The next week, Leroy was in the middle of one his lunchtime sessions with an audience of rapt classmates when Thijs came up to him.
“Stop this ridiculousness,” Thijs demanded. Fists clenched like miniature cannons ready to fire, Thijs towered over Leroy and in his rage looked ready to strike.
“What do you want?”
“Admit you’re lying.”
“But I’m not.”
“He’s not!” the other children protested on Leroy’s behalf.
“Prove it then. Every event has some proof it happened.”
Leroy turned his back to Thijs as he addressed the gathered group. During the Great Descent not everyone landed safely, he explained. In fact, many were hurt, including Leroy. As his family jumped, Leroy tried to hold his father’s hand tight, but their grip loosened and Leroy fell hard to the ground. He pulled up the leg of his pants to show the scratches. “And my grandmother gave me this before I left. It was crushed when I fell.” He produced the toy car Thijs had given him.

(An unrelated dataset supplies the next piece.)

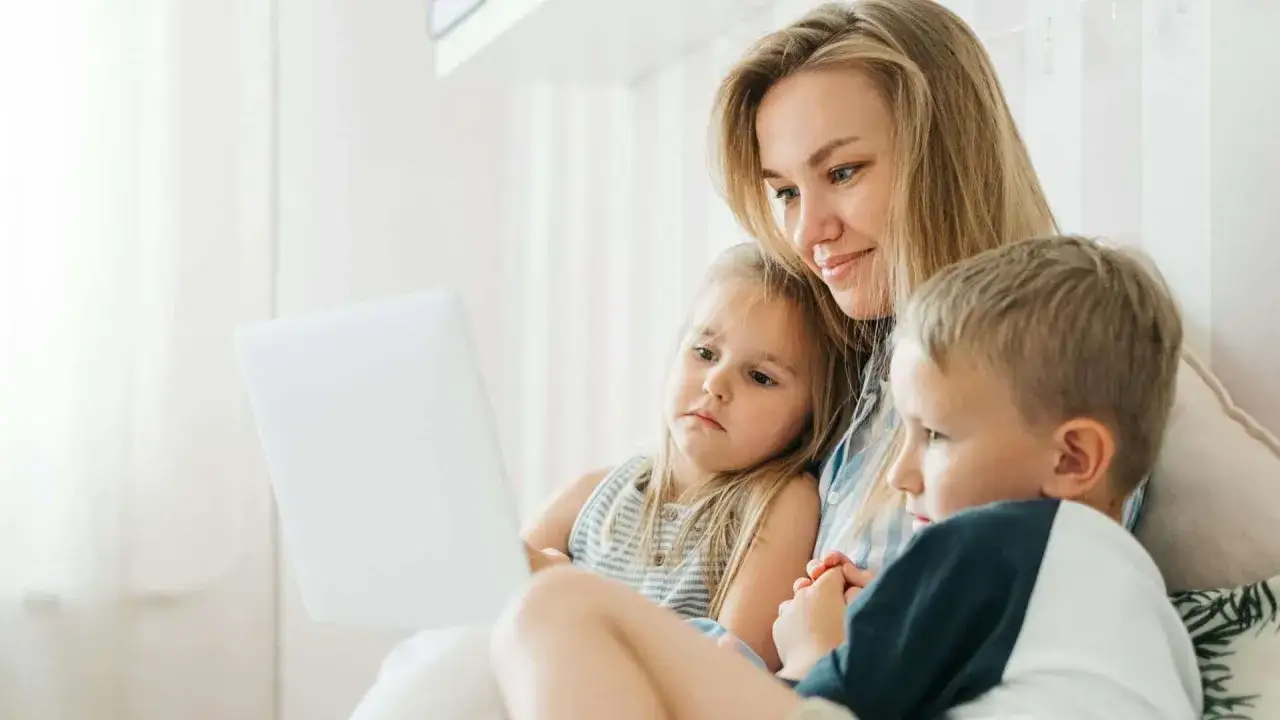 Mama z dwójką dzieci ogląda coś na laptopie. Czy dziecko może zdecydować z którym rodzicem chce mieszkać?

“I gave him that car! He got it at my house,” Thijs said from behind himself. But he had already lost—the other children were disinterested in his protestations. They pulled Leroy over to them and walked him to a picnic table. Before him they had laid out what they had been able to spare from their lunches or surreptitiously steal from home. Leroy surveyed the array of orange juice, chocolate chip cookies, cheese sandwiches, and apples laid out before him—stacks of food piled higher than he was tall—and it was thus, when he realised where a king’s true power lay.

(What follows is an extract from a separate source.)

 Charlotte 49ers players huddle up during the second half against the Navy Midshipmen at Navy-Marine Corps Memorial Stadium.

As they sat, a little bearded reedling hopped on the pavement near the picnic tables. Leroy recalled how he had told the other children of his grandmother languishing on the other side of the atmosphere with no way to reach him except through the deployment of trained birds.
He watched the reedling and threw a bit of bread to it. It sang something in response. A teacher gathered the kids to go back into class. The bird flew up to the picnic table and hopped toward Leroy. It continued chirping, but now faster and with determination. It chirped and chirped, straining its voice to reach a louder volume. Leroy tossed more bread, but it ignored the food and continued toward him.
“Now, please, Leroy,” called the teacher. Leroy stood up and headed towards the door.
The bird remained—its chirps now a histrionic screeching. It jumped furiously up and down on the table.
“You shouldn’t feed the birds,” the teacher admonished.
Leroy looked back at the bird jumping furiously, beside itself, almost screaming—it was as if its or someone else’s life depended on delivering message which he didn’t, couldn’t understand.